---- Material shown
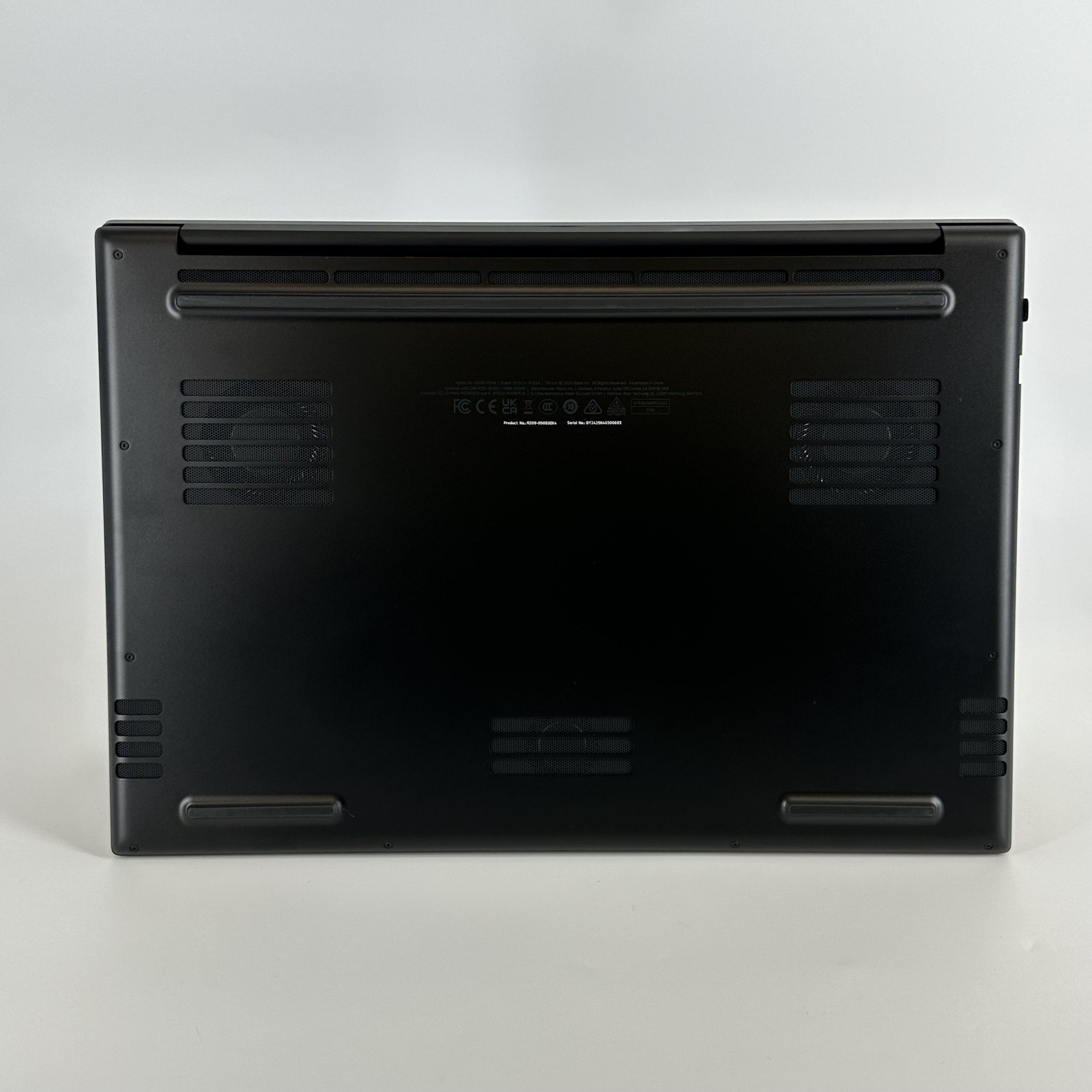 Razer Blade 18 240Hz QHD 2.2 GHz i9-14900HX 32GB 2TB NVIDIA RTX 4090 Excellent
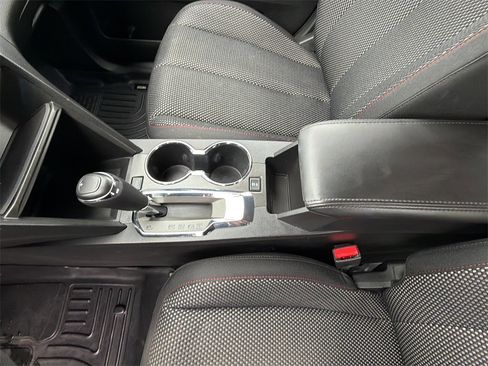 Used 2016 Chevrolet Equinox LS image 3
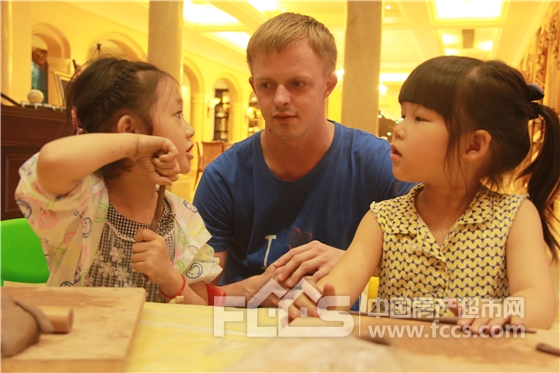 綠城·長興廣場周六“少兒英語角”趣味課堂快樂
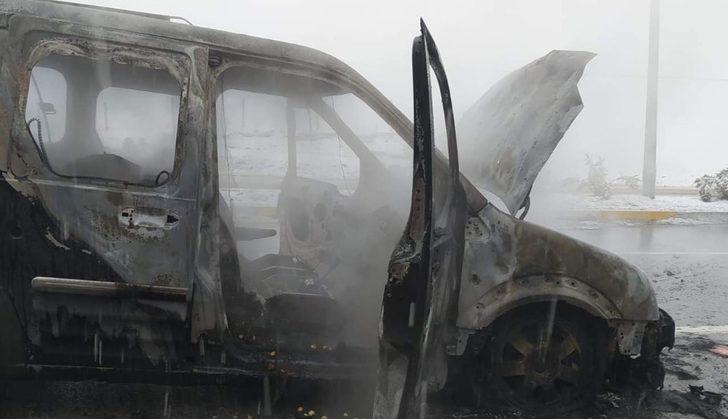 Siirt’te seyir halindeki araç kül oldu G2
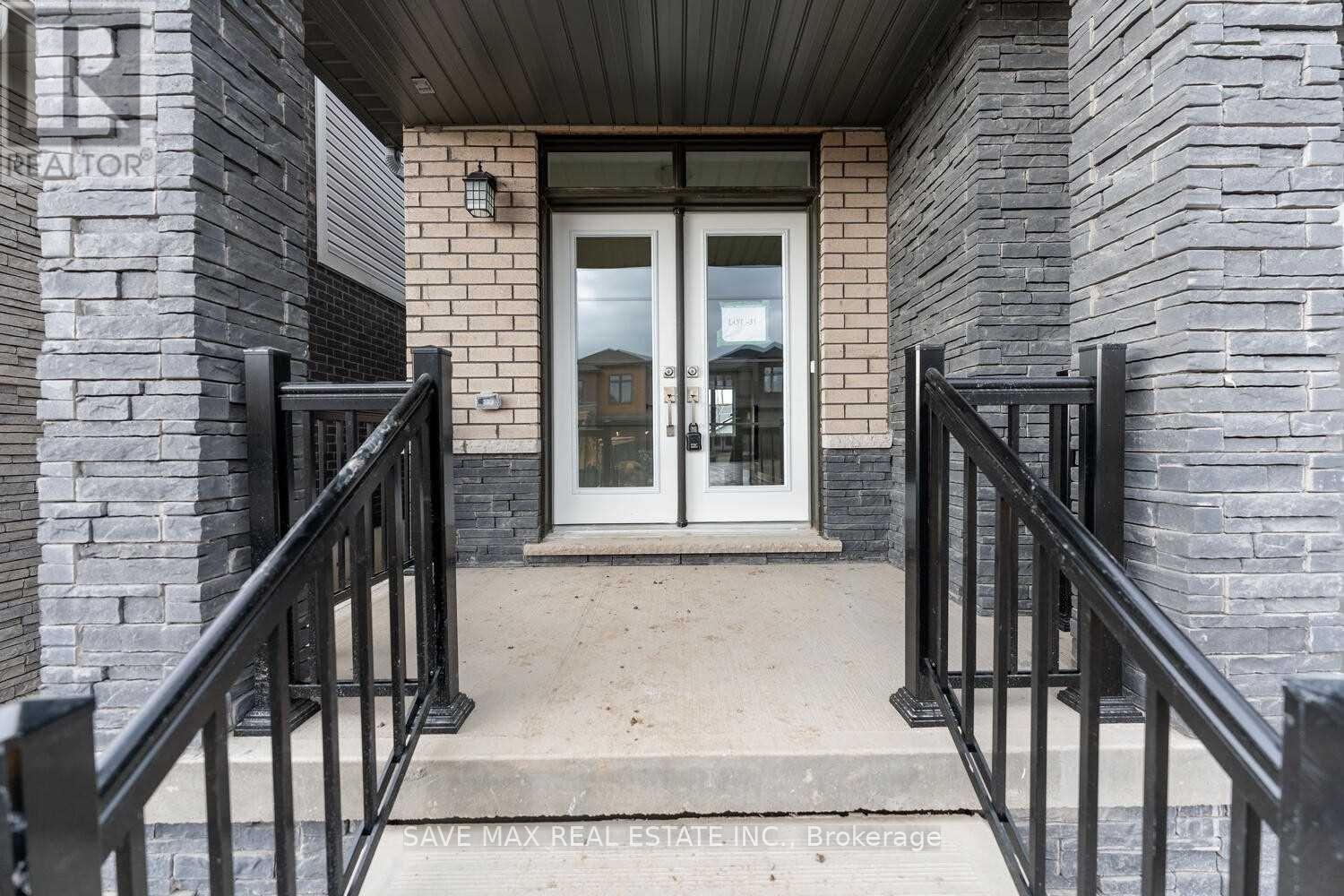 Property at 49 SUNDIN DRIVE image 4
--------
» **Prompt**: From the entries above, output every line exactly and omit any image.

» **Task result**:
 Razer Blade 18 240Hz QHD 2.2 GHz i9-14900HX 32GB 2TB NVIDIA RTX 4090 Excellent
 Used 2016 Chevrolet Equinox LS image 3
 綠城·長興廣場周六“少兒英語角”趣味課堂快樂
 Siirt’te seyir halindeki araç kül oldu G2
 Property at 49 SUNDIN DRIVE image 4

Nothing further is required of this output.